The first two entries represent the h1h2 flows. The first connection has source TCP port 59404 and is routed via the s1s3 trunk; we can see that the output port from s5 is port 1, which is indeed the port that s5 uses to reach s1 (the output of the Mininet links command includes s5-eth1<->s1-eth2). Similarly, the output port used at s5 by the second connection, with source TCP port 59526, is 2, which is the port s5 uses to reach s2. The switch s5 reaches host h1 via port 3, which can be seen in the last two entries above, which correspond to the reverse h2h1 flows.

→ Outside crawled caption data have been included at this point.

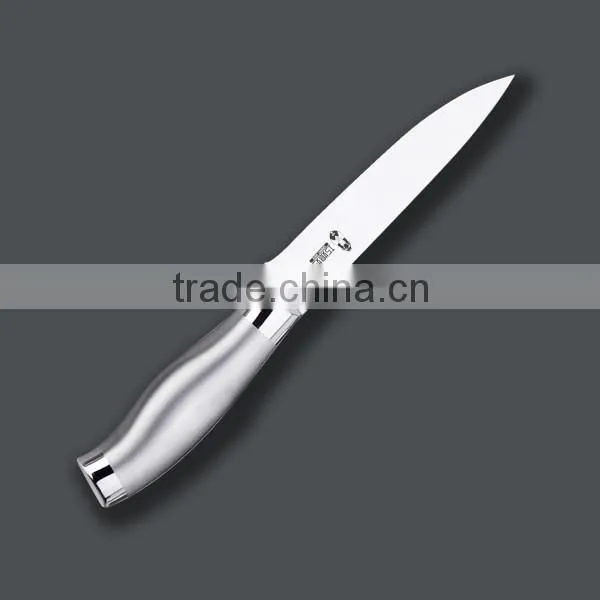 FDA LEGB stainless steel customized engrave logo utility knife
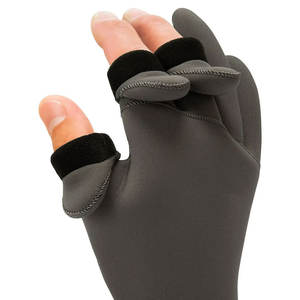 Gants de pêche Design Your Own Logo Vente directe en usine Dernier arrivage Meilleur vendeur Gants de pêche pour hommes - Product Image 4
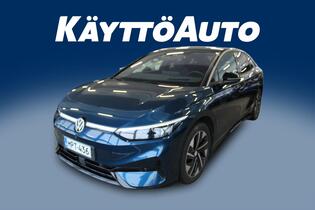 Volkswagen ID.7 vaihtoauto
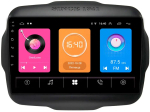 Магнитола для Jeep Renegade 2014-2021 - OEM GT9-629 на Android 10, 2ГБ-16ГБ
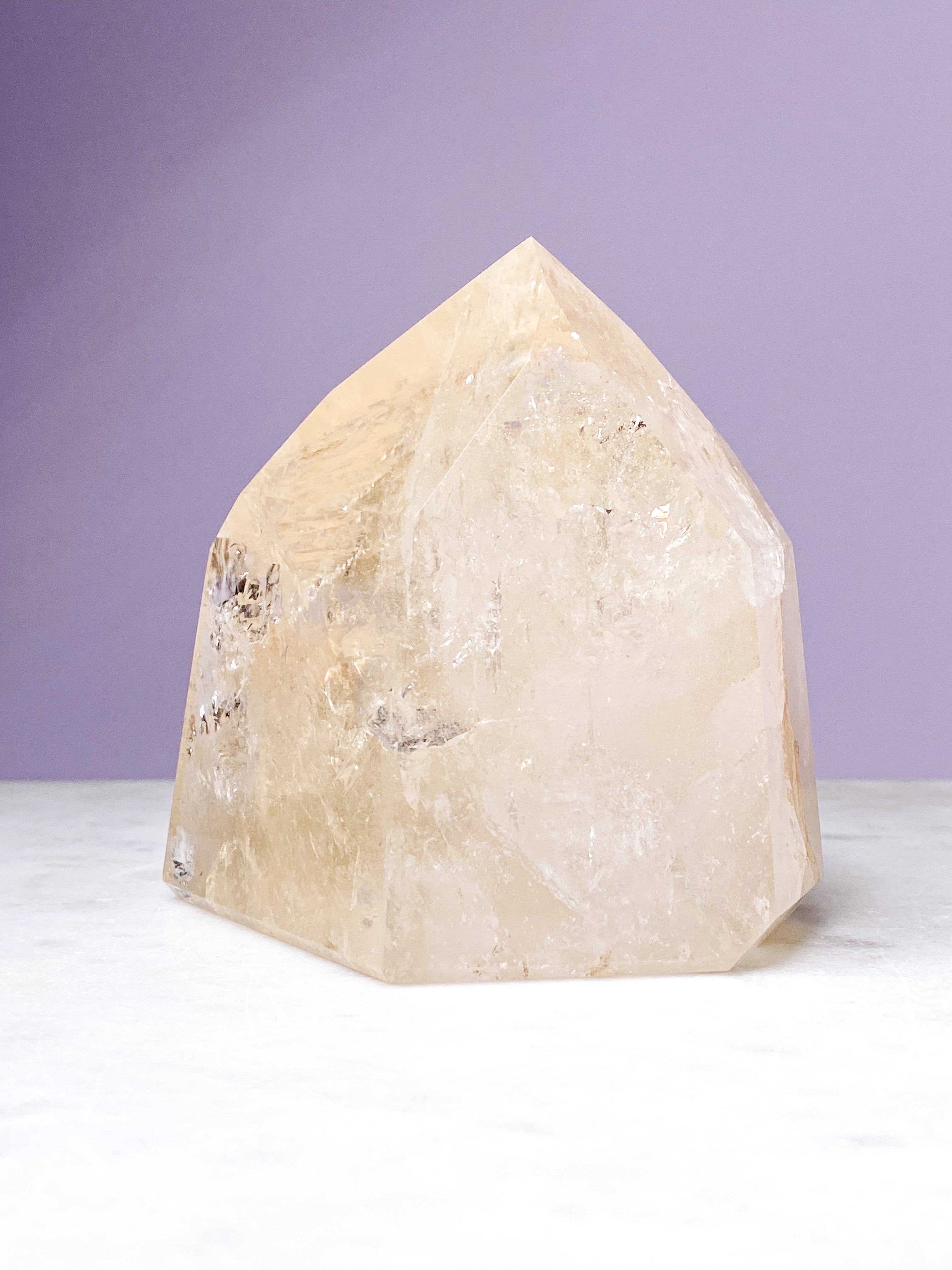 Citrintorn (nr 1) Exklusiv kvalitet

The OpenFlow timeout here is infinite. This is not a good idea if the system is to be running indefinitely, with a steady stream of short-term TCP connections. It does, however, make it easier to view connections with ovs-ofctl before they disappear. A production implementation would need a finite timeout, and then would have to ensure that connections that were idle for longer than the timeout interval were properly re-established when they resumed sending.

The multitrunk strategy presented here can be compared to Equal-Cost Multi-Path routing, 9.7   ECMP. In both cases, traffic is divided among multiple paths to improve throughput. Here, individual TCP connections are assigned a trunk by the controller (and can be reassigned at will, perhaps to improve the load balance). In ECMP, it is common to assign TCP connections to paths via a pseudorandom hash, in which case the approach here offers the potential for better control of the distribution of traffic among the trunk links. In some configurations, however, ECMP may route packets over multiple links on a round-robin packet-by-packet basis rather than a connection-by-connection basis; this allows much better load balancing.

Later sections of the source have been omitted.